Instructions to follow: Some of the lines below need repeating. Reproduce exactly those between the lines holding "Выводка молодняка 2025" and "曲江茶谷白葉茶加工廠正式投入運營，開啟茶葉加工新篇章", inclusive.

Material to process:
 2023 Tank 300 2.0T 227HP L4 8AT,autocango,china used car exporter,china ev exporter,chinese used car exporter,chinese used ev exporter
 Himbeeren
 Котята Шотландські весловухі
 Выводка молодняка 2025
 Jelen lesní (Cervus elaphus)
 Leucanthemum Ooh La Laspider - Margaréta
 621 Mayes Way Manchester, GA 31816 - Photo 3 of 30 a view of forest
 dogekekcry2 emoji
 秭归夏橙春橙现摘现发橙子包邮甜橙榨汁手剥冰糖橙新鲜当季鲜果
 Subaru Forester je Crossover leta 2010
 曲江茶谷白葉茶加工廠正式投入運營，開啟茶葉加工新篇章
==
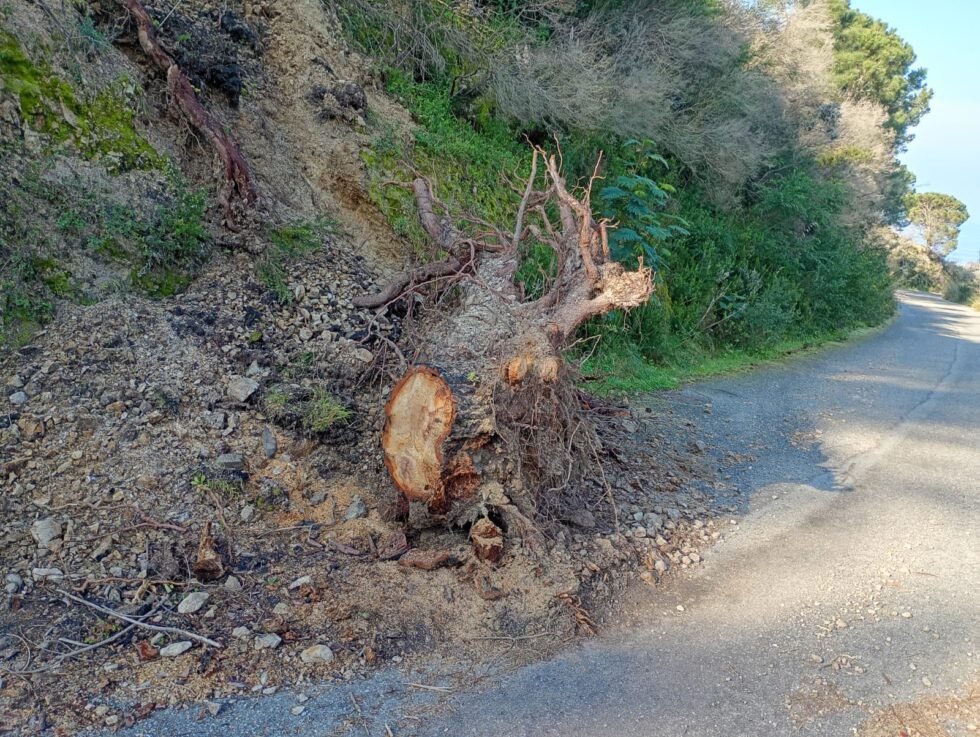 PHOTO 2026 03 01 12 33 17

Output for this task:
 Выводка молодняка 2025
 Jelen lesní (Cervus elaphus)
 Leucanthemum Ooh La Laspider - Margaréta
 621 Mayes Way Manchester, GA 31816 - Photo 3 of 30 a view of forest
 dogekekcry2 emoji
 秭归夏橙春橙现摘现发橙子包邮甜橙榨汁手剥冰糖橙新鲜当季鲜果
 Subaru Forester je Crossover leta 2010
 曲江茶谷白葉茶加工廠正式投入運營，開啟茶葉加工新篇章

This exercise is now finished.